Lesley King wrote just the one book, as far as I know. It was written while she was fifteen, and still at school. The title, The Horse from the Moor, is a bit of a puzzle: I assume it comes from the fact that one of the equine heroes, Starflleet, is a moorland breed, but I couldn’t swear to this. The plot is pretty straightforward: the club members aren’t much good, but under Colonel Maxten’s tuition, they get better. There are a couple of flies in the ointment: spoilt new girl Christa Maclaine, and Pam’s complete inability to ride her horse Starfleet. There is a cast of thousands in this book, but unlike Josephine Pullein-Thompson’s Noel and Henry series, also with a cast of thousands, there is very little to differentiate the characters. Josephine Pullein-Thompson has the gift of making the most minor character memorable, but that isn’t true of Lesley King. Only three characters: Ginette, Pam and Christa, emerge with any clarity, and the Colonel is just a cipher. No Major Holbrooke here.

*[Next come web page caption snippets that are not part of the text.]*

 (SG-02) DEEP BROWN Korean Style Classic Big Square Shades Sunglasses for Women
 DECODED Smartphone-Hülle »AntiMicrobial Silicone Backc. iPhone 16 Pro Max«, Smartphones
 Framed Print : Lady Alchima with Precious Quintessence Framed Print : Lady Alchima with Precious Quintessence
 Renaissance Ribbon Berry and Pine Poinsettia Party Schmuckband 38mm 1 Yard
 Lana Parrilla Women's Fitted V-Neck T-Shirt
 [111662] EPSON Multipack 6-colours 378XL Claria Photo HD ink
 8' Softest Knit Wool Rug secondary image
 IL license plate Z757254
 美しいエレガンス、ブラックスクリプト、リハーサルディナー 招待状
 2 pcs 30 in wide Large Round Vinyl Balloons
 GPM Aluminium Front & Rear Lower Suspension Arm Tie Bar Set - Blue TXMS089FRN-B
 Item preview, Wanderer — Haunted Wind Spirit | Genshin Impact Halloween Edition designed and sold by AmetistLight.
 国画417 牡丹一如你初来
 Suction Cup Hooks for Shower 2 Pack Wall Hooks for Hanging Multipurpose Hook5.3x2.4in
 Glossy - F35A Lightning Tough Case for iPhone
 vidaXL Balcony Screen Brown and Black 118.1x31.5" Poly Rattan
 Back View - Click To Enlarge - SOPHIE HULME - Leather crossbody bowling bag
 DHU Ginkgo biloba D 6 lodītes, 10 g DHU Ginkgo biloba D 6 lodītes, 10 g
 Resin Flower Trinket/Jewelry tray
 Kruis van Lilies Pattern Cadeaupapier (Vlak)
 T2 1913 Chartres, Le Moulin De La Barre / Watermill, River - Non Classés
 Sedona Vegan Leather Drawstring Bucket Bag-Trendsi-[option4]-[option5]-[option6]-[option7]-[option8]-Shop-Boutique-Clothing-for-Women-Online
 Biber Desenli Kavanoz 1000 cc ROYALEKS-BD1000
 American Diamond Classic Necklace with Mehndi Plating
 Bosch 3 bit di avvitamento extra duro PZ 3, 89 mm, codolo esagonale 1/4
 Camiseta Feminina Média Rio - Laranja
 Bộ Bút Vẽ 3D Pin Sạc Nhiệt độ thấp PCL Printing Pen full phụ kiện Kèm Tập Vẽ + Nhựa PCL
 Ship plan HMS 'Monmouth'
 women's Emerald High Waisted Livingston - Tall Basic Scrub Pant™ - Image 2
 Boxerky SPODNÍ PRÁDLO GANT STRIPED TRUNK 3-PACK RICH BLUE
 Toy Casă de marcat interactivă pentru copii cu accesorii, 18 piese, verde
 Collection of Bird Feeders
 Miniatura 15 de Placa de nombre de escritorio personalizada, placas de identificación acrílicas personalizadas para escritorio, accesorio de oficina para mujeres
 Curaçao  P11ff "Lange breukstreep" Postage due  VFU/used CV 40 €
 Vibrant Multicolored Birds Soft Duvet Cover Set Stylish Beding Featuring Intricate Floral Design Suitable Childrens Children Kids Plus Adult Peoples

Much of the action is fairly run of the mill too: with the exception of Pam, everyone progresses at their riding quite steadily, and much of the book is simply a recitation of who came where in various gymkhana events. There are a lot of events in this book, and none of them are, alas, particularly exciting. The thing I found most interesting was the fictional breed of Minderley horses, but they’re only mentioned in passing.

Finding the book: it’s relatively cheap and easy to find.